Ride on a White Horse

Filed under the category: “useful programming tips for problems that bit my ass”

The wise men from old said: Thou shalt not check if a directory or file existeth before creating it.

Well, or something like that.

I often see code that looks like this:

if (!g_file_test (some_directory, G_FILE_TEST_EXISTS))
  {
    if (g_mkdir (some_directory, 0700) != 0)
      {
        g_warning ("Unable to create `%s'", some_directory);
        return;
      }
  }
else
  do_something_with_some_directory (some_directory);

or, worse, code that looks like this:

if (!g_file_test (some_file, G_FILE_TEST_EXISTS))
  {
    symlink (some_other_file, some_file);
  }

Despite a BFW on the g_file_test() API reference page.

These code snippes are wrong, because they contains an implicit race: what if the directory/file you are checking suddenly disappears (or is created)? Also, blindly invoking functions like g_mkdir() or symlink without checking the returned value (“hey, I just checked so how can it fail?”) is looking for troubles; finally: when a system call fails, you should always report the error message the OS sets: too many things can go wrong, and if you can get a meaningful message then you’ll be able to debug faster.

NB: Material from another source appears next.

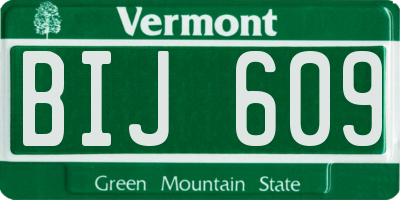 VT license plate BIJ609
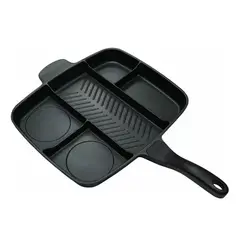GENERICO - Sartén multiuso 5 en 1 antiadherente horno y cocina color negro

The solution for these problems is: shoot first, then ask the questions. Or, in other words, execute the function inside the if block and act according to the results. For this to happen, you’ll often need to rely on errno.h and g_strerror():

#include <errno.h>

...

if (g_mkdir (some_directory, 0700) == -1)
  {
    if (errno != EEXIST)
      {
        g_warning ("Unable to create `%s': %s",
                   some_directory,
                   g_strerror (errno));
        return;
      }
  }

do_something_with_some_directory (some_directory);

and:

#include <errno.h>

...

if (symlink (some_other_file, some_file) == -1)
  {
    if (errno != EEXIST)
      {
        g_warning ("Unable to create a link from`%s' to `%s': %s",
                   some_other_file,
                   some_file,
                   g_strerror (errno));
        return;
      }
  }

At the end of the if block we are guaranteed that the file or the directory does indeed exist either because we successfully created it or because the system call failed and errno was set to EEXIST; inside the if, instead, we can deal with failures, using various error trapping branches based on the value of errno (just remember to store it if you’re going to use it multiple times).

6 Replies to “Ride on a White Horse”

  1. Your solution to what you call an “implicit race condition” is wrong.

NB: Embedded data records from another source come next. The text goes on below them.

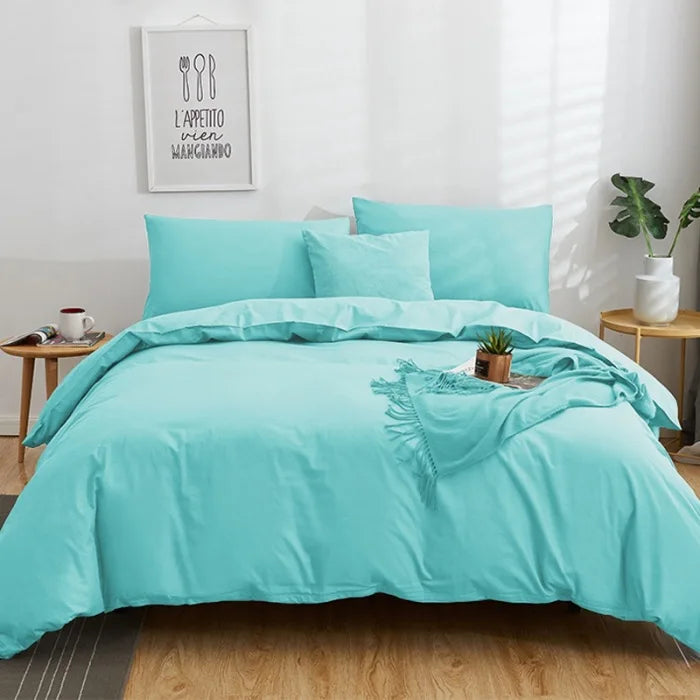 Afralia™ Cotton 4pcs Bedding Set Double Queen Solid Color Duvet Cover Flat Bed Sheet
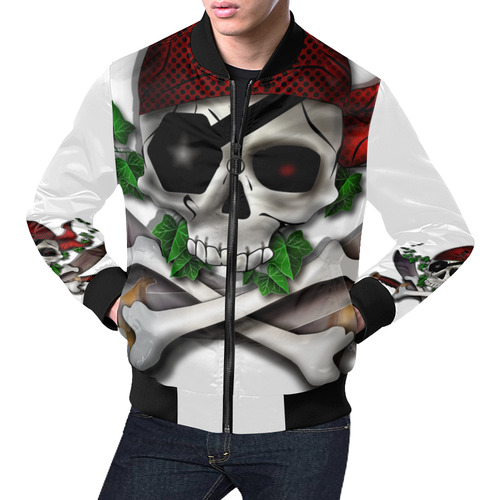 Skull Pirate's Life -white All Over Print Bomber Jacket for Men (Model H19)
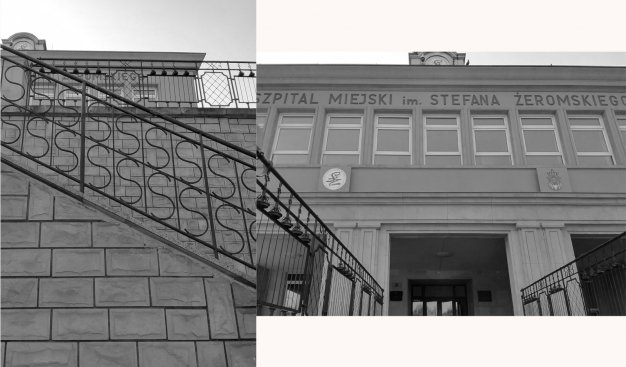 Czarno-biały dyptyk przedstawiający zdjęcia Szpitala im. S. Żeromskiego w Nowej Hucie. Na zdjęciu po lewej metalowa, ozdobna barierka przy schodach do wejścia głównego. Na zdjęciu po prawej widok na wejście główne oraz widniejącą nazwę szpitala na fasadzi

    While it is true that someone can come in during that split second and create the directory, they can also delete that directory immediately after you create it. Thus you have not fixed anything.

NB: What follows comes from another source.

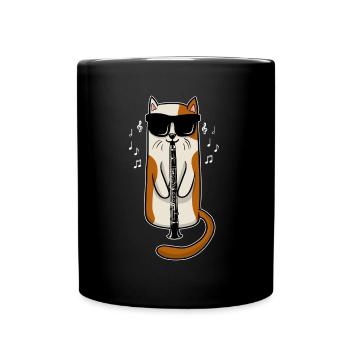 Clarinette Chat Musicien Kitty Instrument de musique - Mug uni - noir - Devant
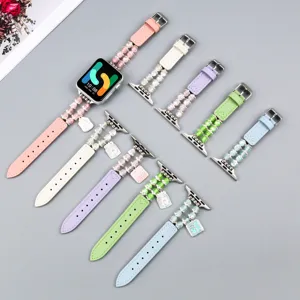 Bracelet de Montre en Cuir Piécé Pendentif Perles Œil de Chat Fin Bracelet de Rechange Pour Smartwatch Accessoire de Mode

    The correct solution is to create a private directory system that your program controls. Sure there is no guarantee that a rogue program isn’t going to damage your program’s bit of the file system, but this gets you a lot closer than trying to perform atomic directory creation.

    Also, what is the cost of trying and failing to create a directory versus just checking to see if it exists? In order to show your solution doesn’t cause more harm than good, you need to investigate that aspect.

  2. jonathan: while it’s true that there can be a race inverse to the one that I exposed, the code is nevertheless more robust: the check-then-do moves the burden to userspace and the programmer, while the do-then-deal-with-error moves the burden to the kernel.

    and trying to create a directory and failing is, at most, going to cost you the same as the stat() that g_file_test() performs, only that – if the underlying C library is doing thinks right – you get one less indirection (mkdir -> return EEXIST vs. g_file_test -> stat -> check against flags -> return).

  3. sorry – I must be on crack. my code does not have the race condition: if the syscall fails, then we are inside the error trap and we can gracefully exit; if the syscall succeds then we are safe.

    the race condition of the test-then-do code is that there’s a gap between the test and the actual syscall; trapping the error when the test fails is much more harder and makes the code uglier (you have to check twice: one for the test and one for the syscall).

  4. At the end of the if block we are guaranteed that the file or the directory does indeed exist […]

    It would be more precise to say “did indeed exist at the moment of the syscall”. Someone might have deleted it since then.

    Nevertheless your code is more reliable than the original one.

  5. It would be more precise to say “did indeed exist at the moment of the syscall”. Someone might have deleted it since then.

    It is harder to exploit a race condition requiring the deletion and re-creation of a directory.

    If the parent directory has the “sticky bit” set (like for /tmp), then it will not be possible for other users to delete or rename that sub-directory, so the operation is safe.

  6. I am not arguing that your code isn’t more robust. Rather, I am suggesting that it is solving the wrong problem.

    While your solution does help somewhat, it doesn’t solve the underlying problem of other programs messing with your directories. Solve that, and your solution becomes moot.

Comments are closed.